§ **WORK TASK**: Repeat only the lines from the one containing "Bag Valetta 90P Black" to the final line below, exactly as they read, and leave every picture out.

§ **EXERCISE MATERIAL**:
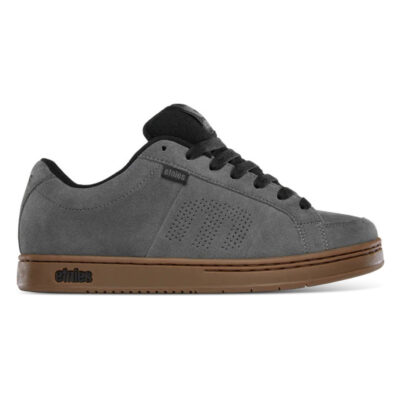 Tenis Etnies Kingpin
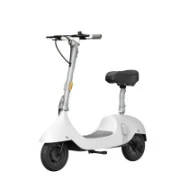 Электросамокат OKAI Ceetle PRO EA10C 10 900 Вт 10.4 Ah Black (EA10C-B) (UA)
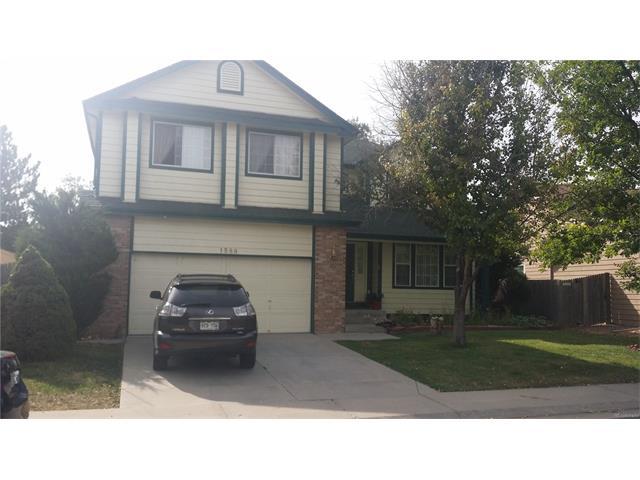 1588 S Richfield Way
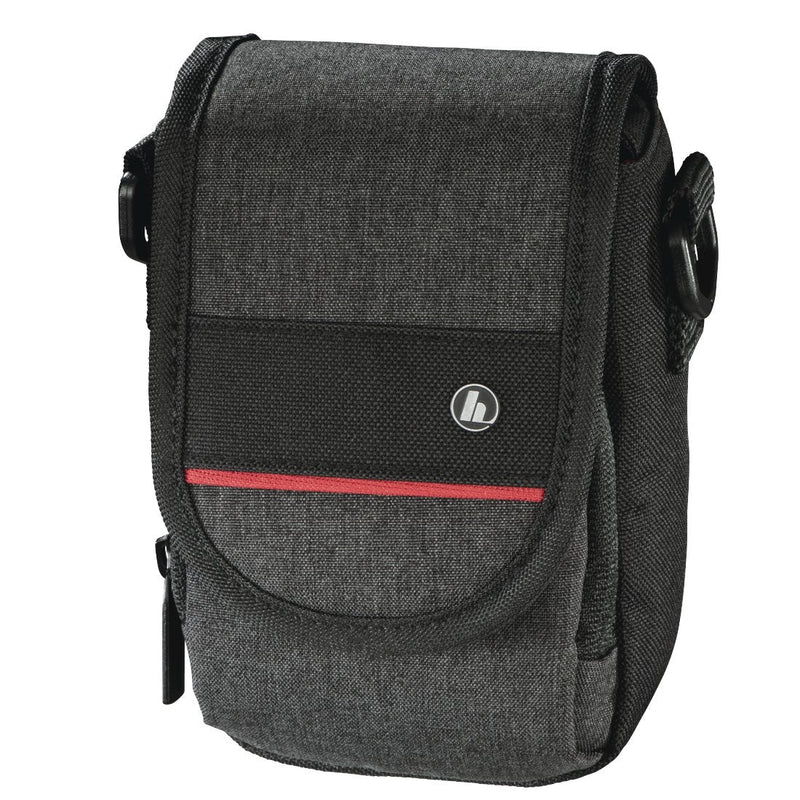 Bag Valetta 90P Black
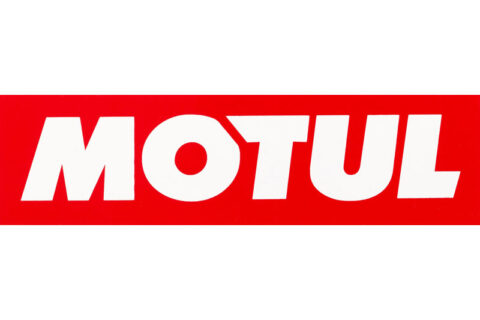 MotoGP : Motul renoue avec l'équipe Tech3 dans le cadre d'un partenariat pluriannuel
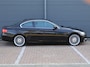 BMW 3-Serie Coupé 320i Business Line|Nav|Climate|PDC|Trekhaak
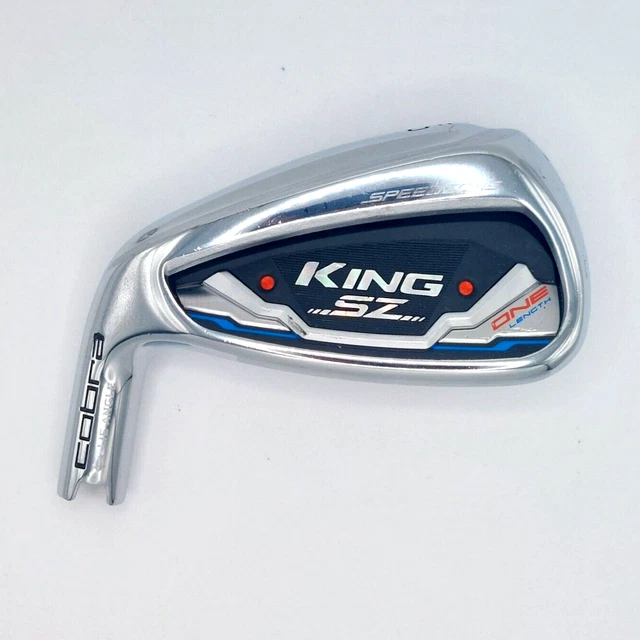◆【2本セット】PING G410 3U 4U N.S.PRO 950GH S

§ **EXERCISE ANSWER**:
 Bag Valetta 90P Black
 MotoGP : Motul renoue avec l'équipe Tech3 dans le cadre d'un partenariat pluriannuel
 BMW 3-Serie Coupé 320i Business Line|Nav|Climate|PDC|Trekhaak
◆【2本セット】PING G410 3U 4U N.S.PRO 950GH S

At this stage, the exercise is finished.